■ What this task involves: Take the lines below from the one with "Dernière conception de" through the one with "Dubrovnik old town" and retype them exactly. Include nothing else, and no pictures.

■ Dataset entries:
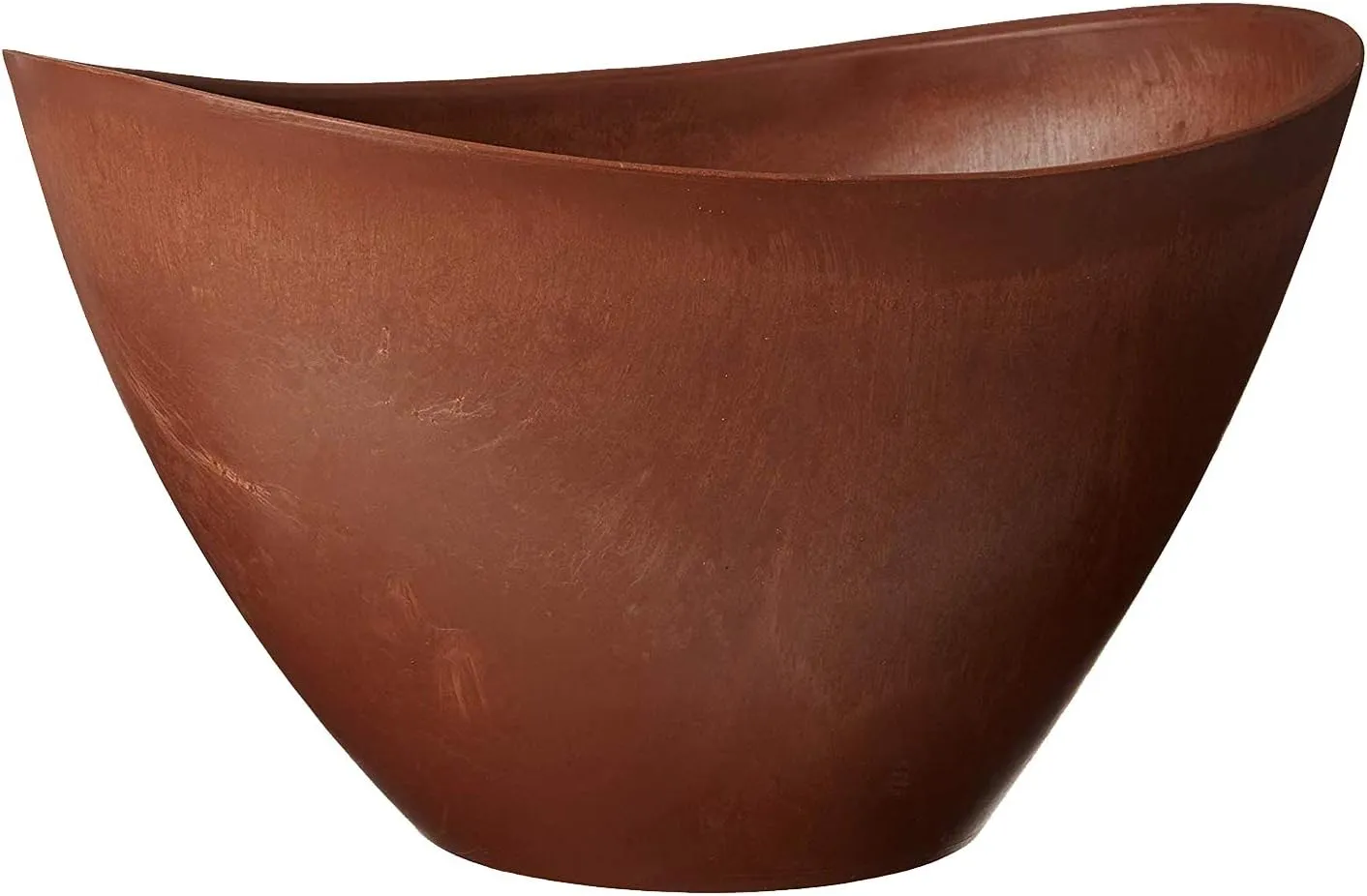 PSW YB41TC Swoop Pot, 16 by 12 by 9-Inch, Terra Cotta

--

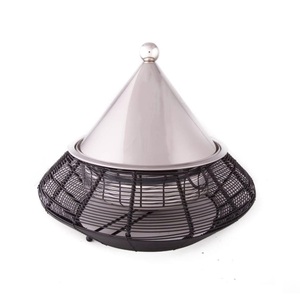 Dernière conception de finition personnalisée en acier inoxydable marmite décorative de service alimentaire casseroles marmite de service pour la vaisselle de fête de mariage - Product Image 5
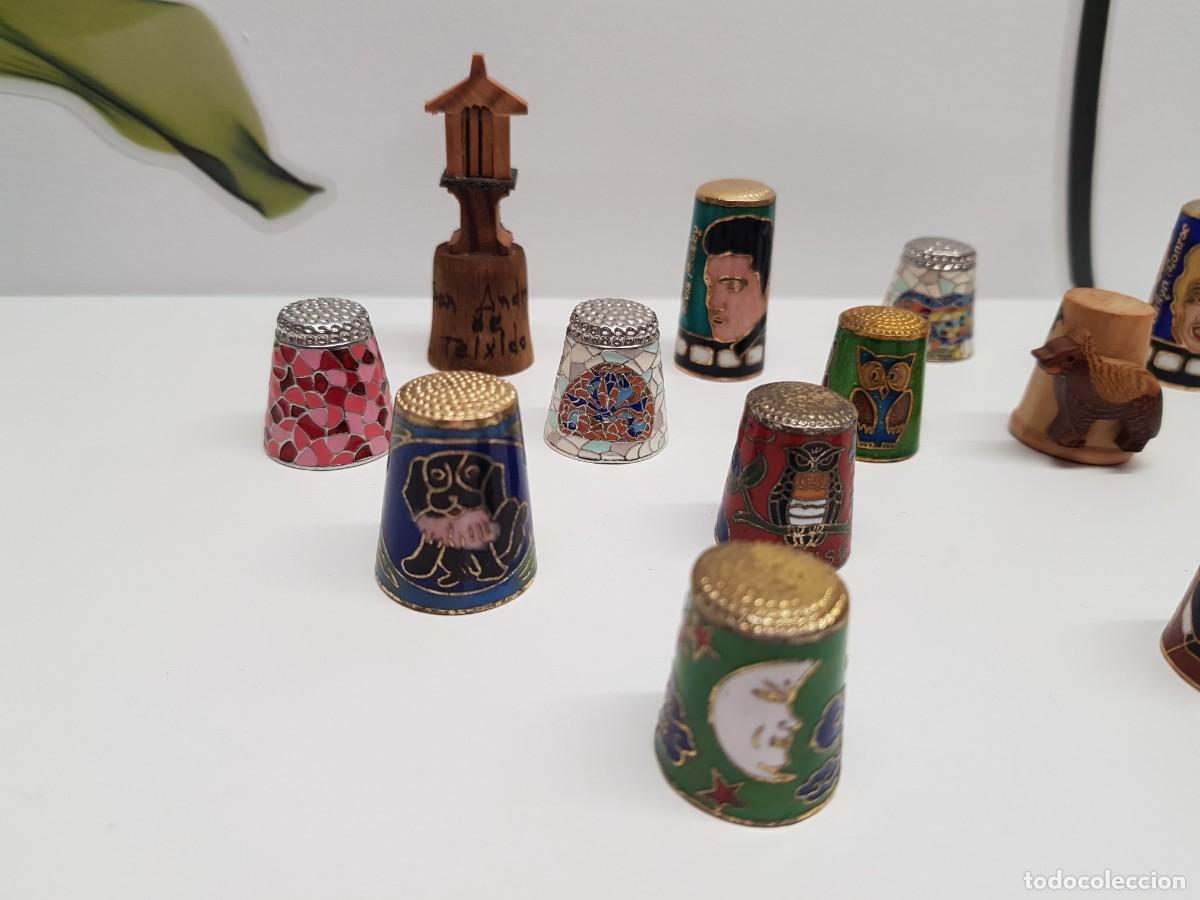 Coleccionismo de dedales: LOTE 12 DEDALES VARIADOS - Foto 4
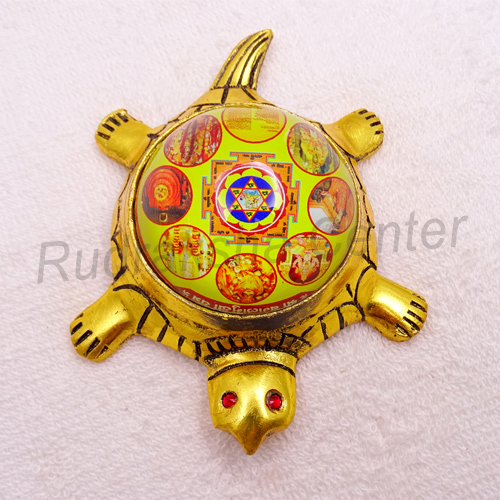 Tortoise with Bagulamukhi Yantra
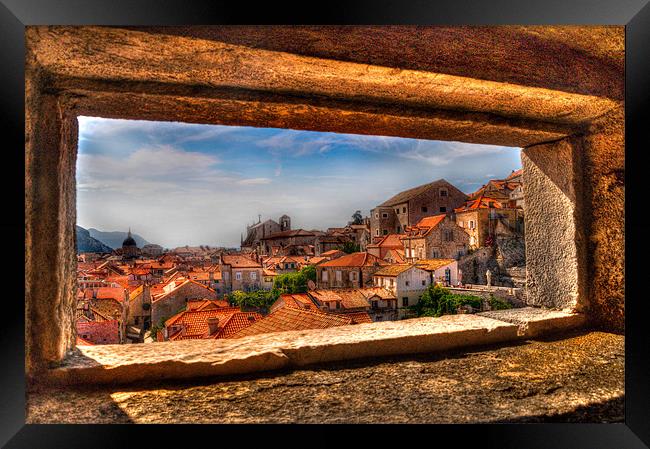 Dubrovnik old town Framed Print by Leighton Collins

■ The answer:
 Dernière conception de finition personnalisée en acier inoxydable marmite décorative de service alimentaire casseroles marmite de service pour la vaisselle de fête de mariage - Product Image 5
 Coleccionismo de dedales: LOTE 12 DEDALES VARIADOS - Foto 4
 Tortoise with Bagulamukhi Yantra
 Dubrovnik old town Framed Print by Leighton Collins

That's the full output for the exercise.